PC sales are cyclical. As with most tech devices, we’ll see another surge back to them in the future. This is the inherent nature of investing in chip stocks in any market environment. A closer look also shows that AMD’s other segments continue to grow. These include data centers, gaming, and the embedded industry that AMD now has exposure to through its acquisition of Xilinx. Margins are lower than expected but still nearly 50% higher on a year over year basis. Shares are trading at a 52-week low, and if they continue to fall I will strongly consider starting a position in the company.
Nio (NYSE:NIO)
Another growth stock that is near its 52-week low price, Nio had an awful week. Electric vehicle stocks were hammered as investors anticipate further hawkish rate hikes. These rate hikes eat into the revenues of growth companies like Nio, even if they operate out of China. So is Nio a lost cause? Not exactly!

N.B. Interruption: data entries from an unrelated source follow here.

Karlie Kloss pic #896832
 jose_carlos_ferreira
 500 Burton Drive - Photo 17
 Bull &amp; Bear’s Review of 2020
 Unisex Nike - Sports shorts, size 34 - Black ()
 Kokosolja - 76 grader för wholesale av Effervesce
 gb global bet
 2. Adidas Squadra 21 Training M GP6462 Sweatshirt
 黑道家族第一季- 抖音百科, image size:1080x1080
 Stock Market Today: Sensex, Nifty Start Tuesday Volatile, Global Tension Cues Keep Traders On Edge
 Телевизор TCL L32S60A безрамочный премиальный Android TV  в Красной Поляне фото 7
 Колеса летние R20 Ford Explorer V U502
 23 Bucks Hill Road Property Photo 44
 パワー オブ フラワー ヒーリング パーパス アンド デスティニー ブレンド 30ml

Nio shined in the third quarter, outselling its rivals like Li Auto (NASDAQ:LI) and XPeng (NYSE:XPEV). In fact, Nio saw deliveries rise while industry leader Tesla (NASDAQ:TSLA) missed analyst expectations. This could be the start of a demand shift in China back to domestically made EVs. Nio officially launched in Germany and the Netherlands on Friday and is offering its ET7, ET5, and EL7 vehicles for Europeans to rent. Drivers can rent vehicles for as little as one month at a time, as Nio implements a unique strategy for the continent. With the new Model 3 rival the ET5 sedan now being delivered to China and Europe, I anticipate a strong surge in sales growth heading into 2023.